Requirement >> In the records below, find the line that contains "Rodeway Inn Casper photo 34" and the line that contains "Industrial and commercial"; write out exactly those two lines and everything between them, without the pictures.
START Given data
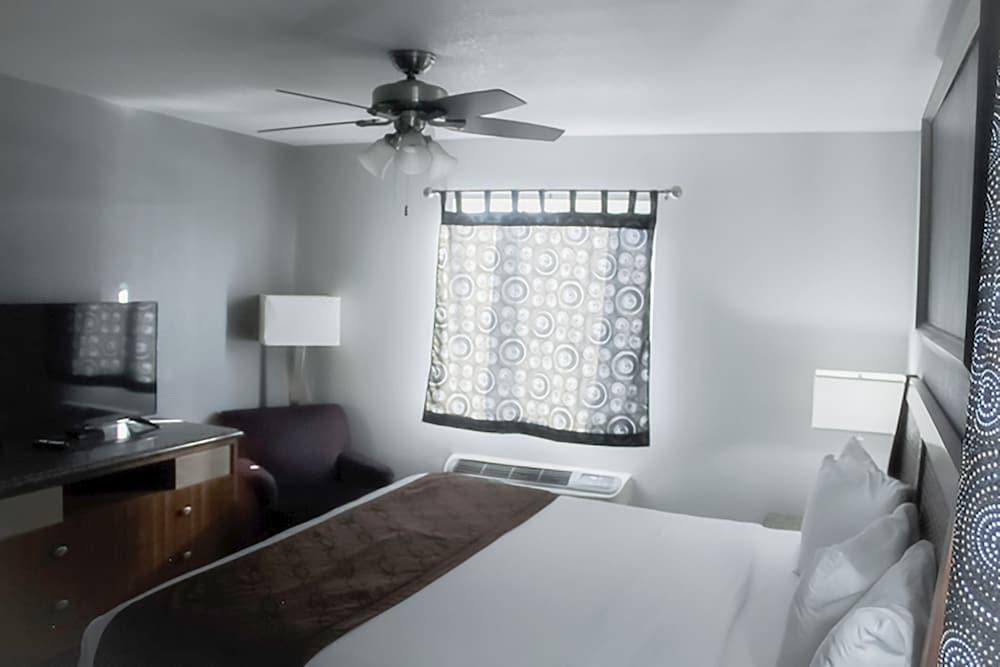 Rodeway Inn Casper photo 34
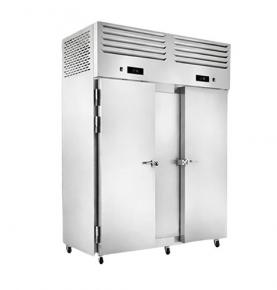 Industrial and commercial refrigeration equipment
END Given data
START Given data
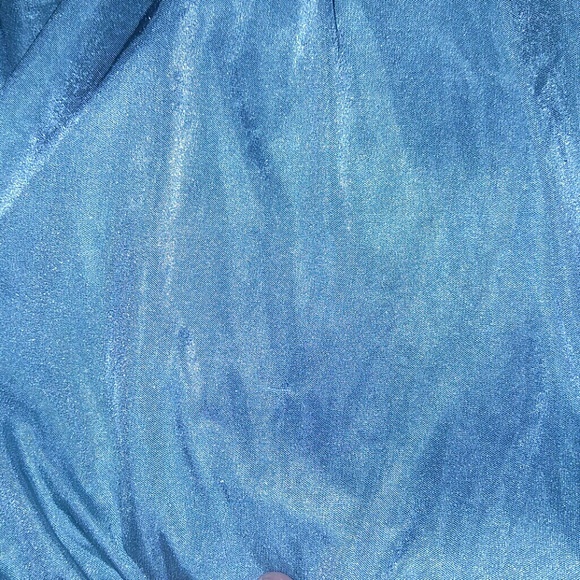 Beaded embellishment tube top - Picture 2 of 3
END Given data
START Given data
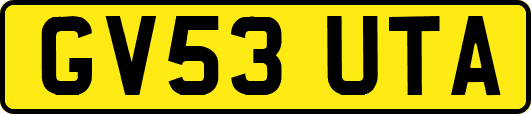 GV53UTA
END Given data
Task answer >>
 Rodeway Inn Casper photo 34
 Industrial and commercial refrigeration equipment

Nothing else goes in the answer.